The proof for D2. Let \(\xi\) be the scenario having the minimal number of I/II-edges as defined in D2 and let k be the number of these edges. We follow by induction by assuming that \(\delta ^\uparrow (c,u)\) satisfies D2 for all u, such that \(t \succ u \notin R(N)\). We prove D2 for t. The base step is when \(\xi _c=t\). Then, \(k=\delta (c,t)\) and D2 follows from the induction assumption for D1 with cases (11) (the first expression when t is a tree node) and (13) (when t is a leaf). Assume that \(t \succ \xi _c\), then \(\langle g,c \rangle\) visits the edge \(e=\langle a,b \rangle\) such that \(\sigma (e)=\langle t,t' \rangle\). We have three cases. (Case D2.i) If both children of t are tree nodes, then e has Type II. Note that \(\xi\) also has the minimal number of edges satisfying the inductive assumption with nodes c and \(t'\). Otherwise, if there is a scenario \(\xi '\) with a score \(<k-1\) for c and \(t'\) then by visiting e, we will have a scenario with \(<k\) edges for D2. This contradicts the assumption that k is minimal. Thus, \(k=1+\delta ^\uparrow (c,t')\), by the inductive assumption.
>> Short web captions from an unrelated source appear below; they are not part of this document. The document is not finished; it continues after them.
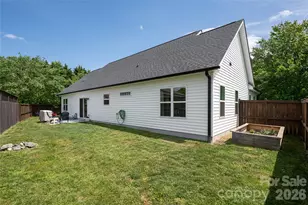 185 Springfield Meadow Dr, Etowah, NC 28729 - Photo 37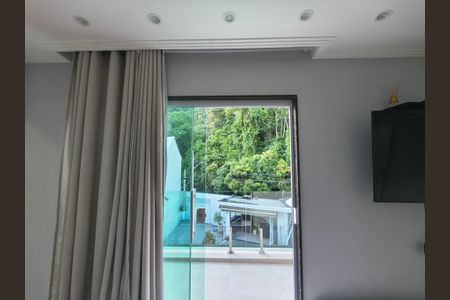 Casa de condomínio à venda com 389m², 4 quartos e 5 vagas Casa de condomínio à venda com 389m², 4 quartos e 5 vagasJanela - Quarto 3 Suite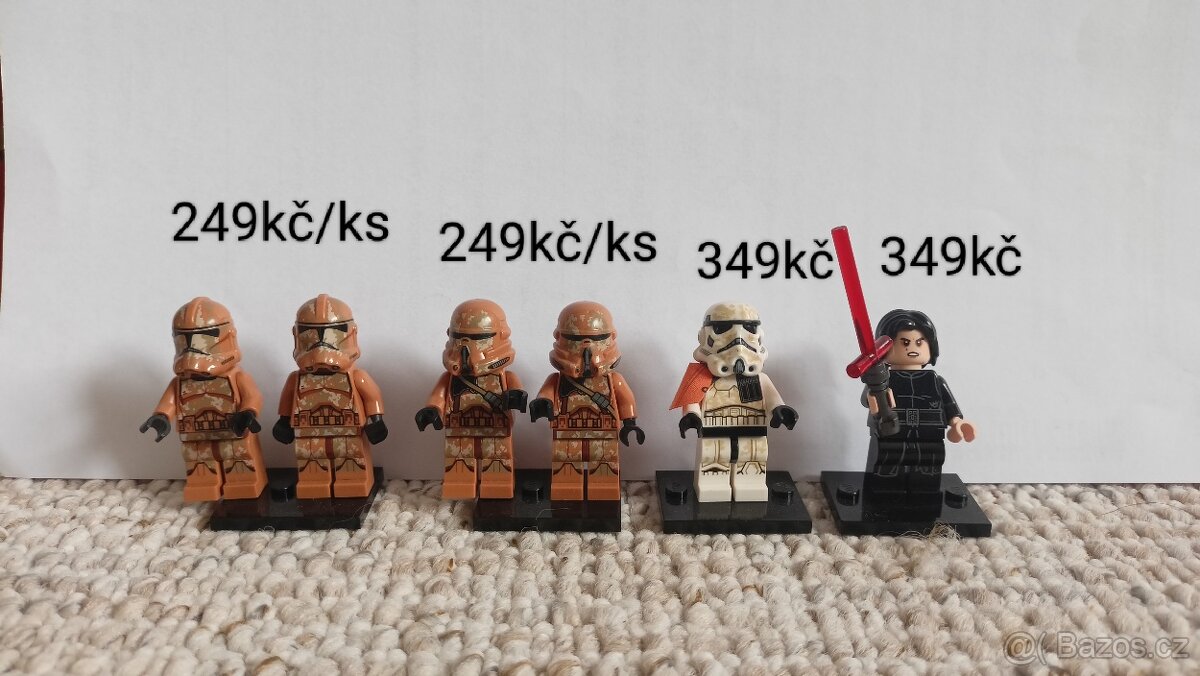 24 lego figurek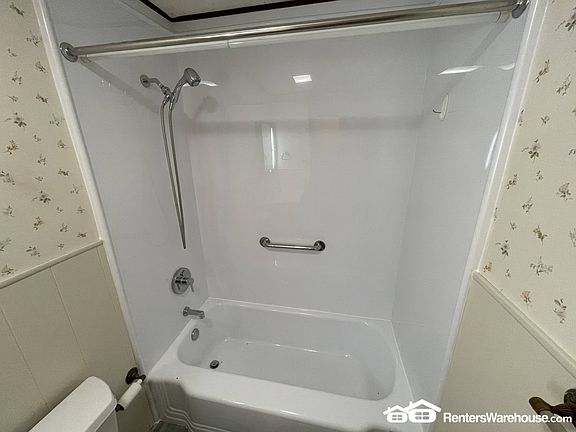 4th image of 7823 Boniface Ln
As \(\tau (t')\tau (t'')=1\), this matches the second expression in (11). (Case D2.ii) If \(t'\) is a tree node and \(t''\) is a reticulation then \(\xi\) bypasses the reticulation edge \(\langle t,t'' \rangle\). Similarly to the previous case, we show that \(\xi\) satisfies inductive assumption with c and \(t'\) (we omit details). Thus, \(k=\delta ^\uparrow (c,t')\) and \(\tau (t')\tau (t'')=0\), again this matches the second expression in (11). (Case D2.iii) If \(t'\) is a tree node and \(t'\) is a reticulation then \(\xi\) directly uses reticulation edge \(\langle t,t' \rangle\), i.e., e has Type II. Again, we show that \(\xi\) satisfies inductive assumption with c and a tree node v being the child of reticulation \(t'\) (we omit details). By the inductive assumption, we have \(k=1+\delta ^\uparrow (c,v)\), which equals \(\delta ^\uparrow (c,t')=1+\delta ^\uparrow (c,v)\), by (11) with \(\tau (t')\tau (t'')=0\), then by (12).
The proof for D3. Let \(\xi\) be the scenario having the minimal number of I/II-edges as defined in D3 and let k be the number of these edges. If \(\xi _c=s\), then there is no edge visited by \(\langle c,g \rangle\). Thus, \(k=\delta (c,s)\) by the induction assumption, which is the first expression in \(\min\) of (6). Otherwise, assume that for a child \(s'\) of s, \(s' \succeq \xi _c=t\). Then, there is one edge of Type I visited by \(\langle c,g \rangle\). We have two cases. (Case D3.i) If \(s'\) is a reticulation, then \(\tau (s')=0\) and \(k=\delta ^\uparrow (g,s')=1+\delta ^\uparrow (g,t)\) where t is the child of \(s'\). The latter follows from (12) and D2 (with \(s:=t\)). Note that \(\xi\) has the minimal number of edges \(k-1\) satisfying the corresponding assumptions of D2 (see a similar argument in the proof of case D2.i). (Case D3.ii) If \(s'\) is a tree node or a leaf then \(k=1+\delta ^\uparrow (g,s')\) by D2 (with \(s'\)). In both cases Type I edge is included. The rest is similar to case D3.i. This completes the proof of D3.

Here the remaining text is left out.